Two civilian aircraft took off from the Meilan Airport of Haikou, capital of Hainan Province and landed at the airfield on Yongshu Jiao in the Nansha Islands, also claimed by the Vietnam. The aircraft flew back to Haikou in the afternoon, state- run Xinhua news agency reported.

China had last Saturday for the first time landed a plane on the artificial island in the strategic South China Sea, inviting international condemnation and angry protests from Vietnam which accused Beijing of "serious infringement" of its sovereignty.

Chinese foreign ministry spokeswoman Hua Chunying said last week that China conducted a "test flight" to check whether the newly- built airfield facilities met the standards for civil aviation. Hua had dismissed the Vietnam's protests on the first test flight saying that the "relevant activity falls completely within China's sovereignty" dismissing Vietnam's protests. 

"China has indisputable sovereignty over the Nansha Islands and their adjacent waters. China will not accept the unfounded accusation from the Vietnamese side," she said, referring to the Spratly Islands by its Chinese name.

The strategic South China Sea is rich in natural resources and is also a major shipping lane for global trade. Over half of the world's commercial shipping passes through the Indo-Pacific waterways including one-third of the world's liquefied natural gas.
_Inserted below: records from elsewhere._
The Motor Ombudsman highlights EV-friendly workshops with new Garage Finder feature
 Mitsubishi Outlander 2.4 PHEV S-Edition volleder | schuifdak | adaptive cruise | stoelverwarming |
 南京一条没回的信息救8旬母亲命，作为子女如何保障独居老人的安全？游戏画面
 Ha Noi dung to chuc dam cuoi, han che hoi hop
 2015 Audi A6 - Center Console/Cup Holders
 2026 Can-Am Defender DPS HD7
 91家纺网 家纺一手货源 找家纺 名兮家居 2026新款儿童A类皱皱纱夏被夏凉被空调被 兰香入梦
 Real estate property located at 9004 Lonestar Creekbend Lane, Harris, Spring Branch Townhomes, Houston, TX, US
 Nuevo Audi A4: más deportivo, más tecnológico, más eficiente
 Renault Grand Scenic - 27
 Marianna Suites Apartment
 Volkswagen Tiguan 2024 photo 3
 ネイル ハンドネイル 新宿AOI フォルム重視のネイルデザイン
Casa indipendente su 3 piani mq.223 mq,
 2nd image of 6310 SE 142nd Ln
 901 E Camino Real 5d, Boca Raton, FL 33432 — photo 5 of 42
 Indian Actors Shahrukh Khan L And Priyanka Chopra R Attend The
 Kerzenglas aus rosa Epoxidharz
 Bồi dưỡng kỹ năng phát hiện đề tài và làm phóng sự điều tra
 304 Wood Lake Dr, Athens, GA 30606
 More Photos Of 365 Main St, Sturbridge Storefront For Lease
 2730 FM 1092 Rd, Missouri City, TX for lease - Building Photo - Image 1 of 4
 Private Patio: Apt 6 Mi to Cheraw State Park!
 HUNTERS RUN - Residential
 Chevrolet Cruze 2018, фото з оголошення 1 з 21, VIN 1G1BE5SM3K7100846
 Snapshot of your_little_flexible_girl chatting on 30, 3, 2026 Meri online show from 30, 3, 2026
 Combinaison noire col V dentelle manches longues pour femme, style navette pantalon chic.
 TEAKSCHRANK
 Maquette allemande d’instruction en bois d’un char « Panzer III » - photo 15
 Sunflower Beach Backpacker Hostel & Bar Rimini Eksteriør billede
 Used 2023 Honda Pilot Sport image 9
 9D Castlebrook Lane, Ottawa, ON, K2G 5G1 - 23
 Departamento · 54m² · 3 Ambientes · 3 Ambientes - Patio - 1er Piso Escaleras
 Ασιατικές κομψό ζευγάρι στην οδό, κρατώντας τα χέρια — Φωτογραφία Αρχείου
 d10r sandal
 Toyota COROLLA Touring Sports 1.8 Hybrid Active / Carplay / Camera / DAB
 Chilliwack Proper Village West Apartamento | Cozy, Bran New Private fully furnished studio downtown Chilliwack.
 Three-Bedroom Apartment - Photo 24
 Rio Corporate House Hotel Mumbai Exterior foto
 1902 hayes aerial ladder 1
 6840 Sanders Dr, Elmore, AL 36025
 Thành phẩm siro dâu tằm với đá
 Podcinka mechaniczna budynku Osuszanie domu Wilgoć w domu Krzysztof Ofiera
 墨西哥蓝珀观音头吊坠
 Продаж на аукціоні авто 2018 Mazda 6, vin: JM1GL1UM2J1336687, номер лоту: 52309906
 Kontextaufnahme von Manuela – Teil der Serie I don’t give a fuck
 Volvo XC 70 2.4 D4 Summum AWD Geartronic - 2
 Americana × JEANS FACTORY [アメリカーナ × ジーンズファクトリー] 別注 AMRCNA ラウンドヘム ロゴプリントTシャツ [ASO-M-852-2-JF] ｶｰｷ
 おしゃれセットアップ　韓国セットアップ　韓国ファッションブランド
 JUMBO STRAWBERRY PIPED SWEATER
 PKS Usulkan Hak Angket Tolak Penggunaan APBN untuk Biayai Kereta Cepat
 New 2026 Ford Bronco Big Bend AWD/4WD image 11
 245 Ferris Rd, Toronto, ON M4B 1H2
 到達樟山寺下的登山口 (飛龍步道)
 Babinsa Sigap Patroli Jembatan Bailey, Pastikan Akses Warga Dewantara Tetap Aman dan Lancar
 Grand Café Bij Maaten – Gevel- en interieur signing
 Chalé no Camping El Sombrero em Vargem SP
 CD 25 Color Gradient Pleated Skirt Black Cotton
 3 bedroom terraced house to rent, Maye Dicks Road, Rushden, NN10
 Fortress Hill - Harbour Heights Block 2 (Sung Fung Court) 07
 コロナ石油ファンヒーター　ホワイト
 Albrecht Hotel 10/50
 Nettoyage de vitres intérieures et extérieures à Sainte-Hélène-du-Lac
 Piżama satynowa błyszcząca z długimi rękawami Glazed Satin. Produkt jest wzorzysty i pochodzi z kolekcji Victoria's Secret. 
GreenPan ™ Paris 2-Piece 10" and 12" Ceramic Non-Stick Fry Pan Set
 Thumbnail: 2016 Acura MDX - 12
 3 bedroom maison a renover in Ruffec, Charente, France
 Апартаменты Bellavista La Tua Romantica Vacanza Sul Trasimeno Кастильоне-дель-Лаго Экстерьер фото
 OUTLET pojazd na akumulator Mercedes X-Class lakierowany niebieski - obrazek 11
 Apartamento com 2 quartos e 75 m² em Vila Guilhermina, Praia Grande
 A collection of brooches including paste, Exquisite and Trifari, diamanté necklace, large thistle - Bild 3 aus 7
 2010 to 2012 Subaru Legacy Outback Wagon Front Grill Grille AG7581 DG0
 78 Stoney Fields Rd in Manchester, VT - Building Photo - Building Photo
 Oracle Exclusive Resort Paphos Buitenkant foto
China claims almost the whole of the South China Sea, resulting in overlapping claims with several other Asian nations like Vietnam and the Philippines, Malaysia and Brunei. They accuse China of illegally reclaiming land in contested areas to create artificial islands with facilities that could potentially be used for military purposes. The Vietnamese foreign ministry had said the airfield was built illegally on a part of the Spratly archipelago that lies within its territory.